Yes, that’s pretty much the theme and part of the title for chapter 10 of Schnarch’s Passionate Marriage. Anyone who has read this book knows that Schnarch uses the word fuck fairly freely but not gratuitously in his writing. Some might argue it is never appropriate to use the word but Schnarch starts of by explaining why and how he uses it.

As for me, I will fling that word out on occasion just because of its nature which is aggressive, lascivious and salacious at the same time. It’s precisely the way it grabs the imagination and emotions which makes its judicious use effective. But it loses its power with over use. When I was in the Army, it was pretty much a standard adjective to describe anything and everything to the point where one pretty much ceased to hear it or even realize they were saying it. “Grab your fucking rifle and a fucking rag and then clean the fucking thing for a fucking hour or so before it is fucking chow time.” “Pass the fucking salt” just rolled off the (fucking) tongue too (fucking) easily while in the (fucking) chow hall.

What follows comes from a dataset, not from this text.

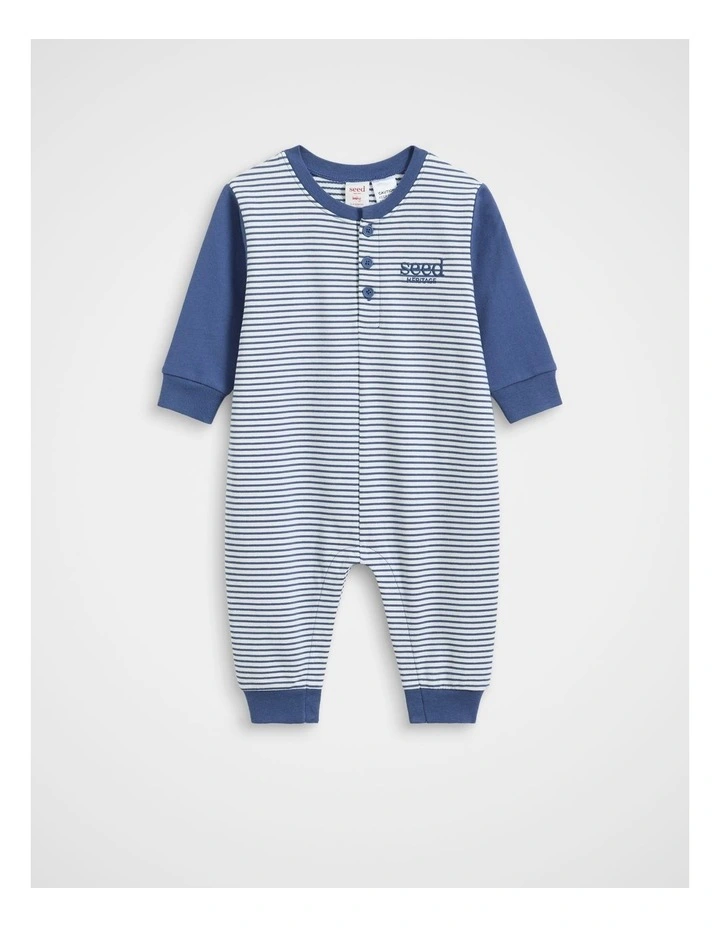Logo Stripe Jumpsuit in Navy image 1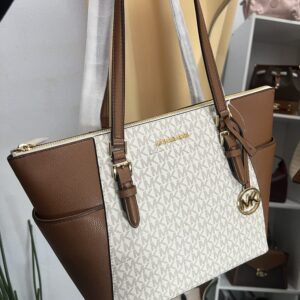 Michael Kors Charlotte Zip Tote Bag Signature Vanilla Brown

Now that I’ve totally desensitized you or turned you off, we’ll proceed to the word’s real meaning as opposed to its abuse and misuse in the military.

Schnarch breaks it down by first talking about doing the other person and about being done. The elegance of doing someone is in the fact that both partners are essentially giving but it is done in different ways. The partner doing the doing is being sexually generous in their actions while the partner being done is being generous in their response. Those of us who struggle with intimacy know the barren landscape of both when it is absent. In fact, when we actually have sex, we are doing something but it isn’t necessarily each other. At least with masturbation we are doing ourselves. But in the emotionally fused relationship there is such a minefield around sex with so many rules and boundaries that it is almost impossible to really cut loose.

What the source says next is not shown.